Thursday, November 22, 2007

Wrestling with God

The Hebrew name Israel means struggles with God. The Germans have a word for that too, anfechtung. The children of God will always struggle to remain faithful and steadfast against the temptations of the flesh, the world, the devil. The Spirit is willing, but the flesh is weak. That which I would do I do not; that which I would not do I find myself doing. Lord, I believe; help me in my unbelief. This struggle is the Christian faith this side of heaven; in the world but not of the world; as we make our pilgrimage through the valley of the shadow of death to the House of the Lord, coming out of the Great Tribulation.

Naively, one may not expect to face such struggle within the Church, though, in reality, it is often the most dangerous and destructive there. Within the Church prey many wolves in sheep's clothing and the devil conceals himself in light speaking peace where there is no peace. The Word of God, and He incarnate, always causes division. He is a two-edged sword, cutting both ways, so that no man encounters the Lord and remains unscathed. He is received in faith unto great blessing or He is rejected in unbelief unto judgment. Thus, there will be, must be, division, struggle, anfechtung, especially within the Church. I have come not to bring peace, but a sword.

In the Lutheran church we have named this struggle, in the many and various ways it is manifested, crux theologica (theology of the cross). It is a habitus, a way of being, living one's life, and working out one's salvation, under the cross. It is nothing less than living in Christ and Christ living in His child - the very image of the Suffering Servant.
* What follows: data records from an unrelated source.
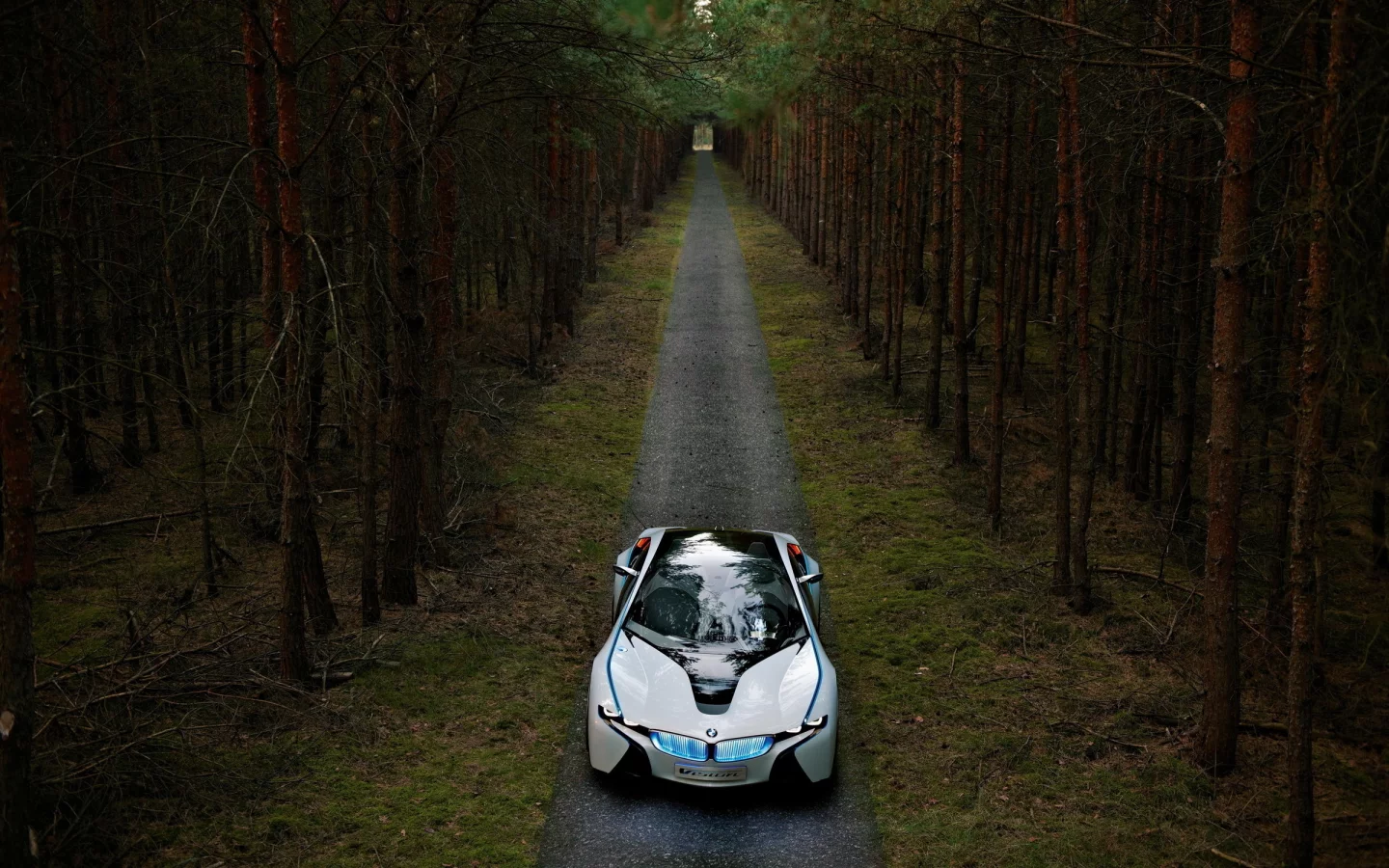 обои, лес, сосны, прототип, vision, дорога, bmw, dynamics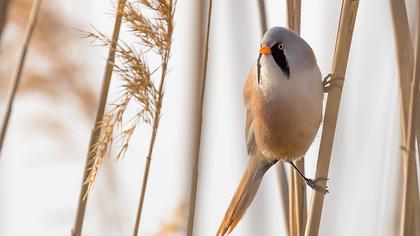 Bıyıklı baştankara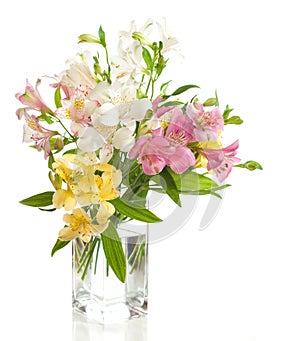 Bouquet of Alstroemeria photo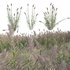 Arundo donax – Giant Reed – Spanish Reed 02 - Thumbnail 1
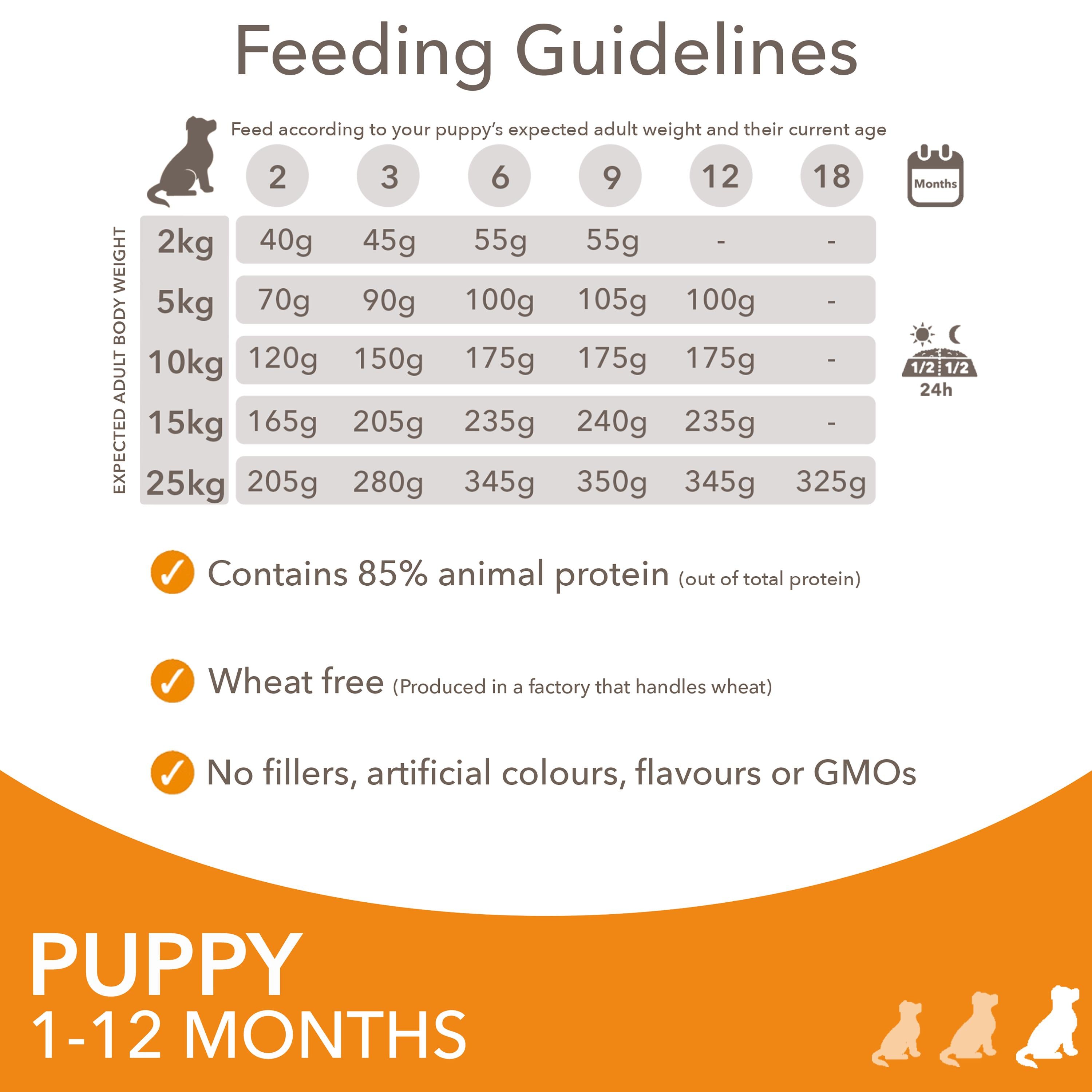 IAMS puppy dry dog food 2kg, UK version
What are the qualities of the Suffering Servant in relation to flesh, world, and devil?: humility, poverty of spirit, hunger and thirst for righteousness, meekness, sacrifice, charity, love, mercy, selflessness, etc.

The child of God need not strive to bring the cross upon himself, for it will come quite naturally, assuredly, and without one's choosing. The cross will come and must not be shrugged off, but borne in faith, hope, and love in accordance with the Father's holy will. For, aligned with the Father's will is where we need to be. It is an unfathomable blessing that brings peace that the world cannot give. The temptation is to evade, deny, or appease the struggle, but such is to shrug off one's appointed cross, to fall out of alignment with the Father's will, and to lose the blessing of divine peace. I will not let you go unless You bless me.